Ora la risposta del cristiano: “Vi lavate cinque volte al giorno, è vero, se immergere le mani, i piedi e il viso in acqua, dove ci vorrebbero ore di insaponatura e strofinamento per renderli tollerabilmente puliti, può essere chiamato lavarsi. Ma il motivo del vostro lavaggio non è quello di rendervi puliti, ma solo di compiere un rito religioso; ottenete la vostra abluzione senza preoccuparvi del suo effetto materiale e diretto. In una parola, siete sporchi dopo il lavaggio come prima. È vero che le persone ricche e ben educate hanno mani e piedi puliti, e a volte mostrano una sorta di innocente civetteria nel fatto. È vero che tale precauzione diminuisce il disgusto che altrimenti si proverebbe nel vostro modo di mangiare, immergendo alla rinfusa le dita in un solo piatto: ma se ci sono alcune mani bianche e profumate in Oriente, ce ne sono molte altre che sono nere, ruvide, dure e decisamente sporche; e queste hanno altrettanto diritto di immergersi nel vostro sugo delle mani più bianche e curate. Per quanto riguarda il soffiare il naso, non diremo nulla a riguardo, parlando, come sappiamo di fare, a credenti nel fazzoletto da tasca, anche se voi fingete di considerare quei fazzoletti da tasca dei più odiosi accessori, da indossare solo da mangiatori di maiale e da altre creature impure. Non dormite in letti, e quindi non avete letti sporchi in vostro possesso, il che è abbastanza positivo; ma i vostri divani non sono nulla di cui vantarsi. Non vi spogliate mai di notte, e pensate che sia un grande vantaggio non essere obbligati a vestirvi al mattino; ma poiché la necessità non vi costringe, e la pigrizia vi seduce, passate settimane e mesi senza slacciare le vostre cinture, togliervi i turbanti o cambiare la vostra biancheria intima. Vi vantate dei vostri bagni; ma i poveri, che vivono in villaggi sparsi, non hanno bagni, e gli abitanti delle città non si bagnano mai per amore della pulizia.

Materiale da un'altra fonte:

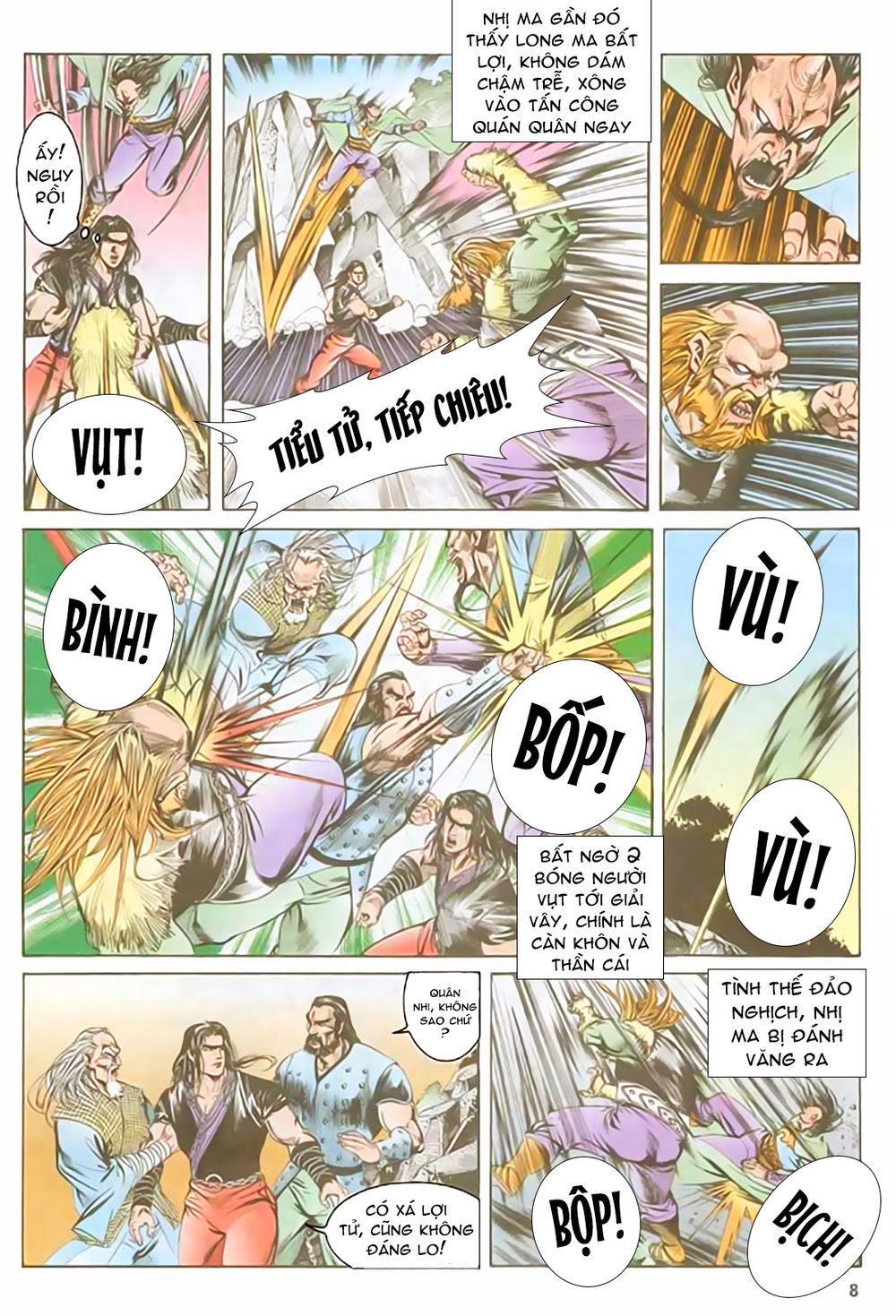 Nghĩa Dũng Môn Chapter 40 - Trang 2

Quando sentiamo la parola bagno, siamo abituati a immaginare una certa quantità di acqua in cui ci si tuffa, rimanendo in essa da un quarto d’ora a un’ora intera. Ma è una cosa completamente diversa in Oriente. Là, un bagno è semplicemente una grande stanza, o un piccolo armadio, pavimentato in pietra, con pareti scure e sporche, e un’atmosfera così soffocante che la sudorazione non tarda a comparire abbondantemente, e in questa sudorazione sola il bagnante è avvolto. Una o due donne, o uno o due uomini, a seconda di ciò che preferisce, appaiono sulla soglia della piccola cella, quasi nudi come lui; indossano niente altro che un sorta di panno intorno ai fianchi, anch’esso coperto di sudore e rosso e quasi scoppiante, come lo stesso bagnante; si siedono accanto a lui e cominciano a strofinarlo con un pezzo di sapone, che, grazie al sudore sopra menzionato, aderisce alla pelle. Quando è rivestito di uno strato di sapone, i suoi assistenti afferrano un guanto di crine di cavallo, proprio come quello usato dai garzoni, o guardiani, per lucidare la pelle dei loro cavalli, e seguendo lo stesso principio, cominciano a privarlo del sapone e di parte della sua pelle. Quella parte è davvero molto considerevole, e vi permette di avere un’idea della quantità di quel tessuto con cui potete fare a meno con perfetta impunità. Questo è certamente un processo singolare, ma difficilmente può essere considerato tra quelli di lucidatura o pulizia; e oserei dire che un bagno tranquillo in un fiume limpido, o un lavaggio ancora più modesto alla sorgente più vicina, farebbe molto di più per la pulizia rispetto al elaborato e piuttosto disgustoso bagno a vapore e al massaggio con il guanto di crine dei cavalli dell’Oriente.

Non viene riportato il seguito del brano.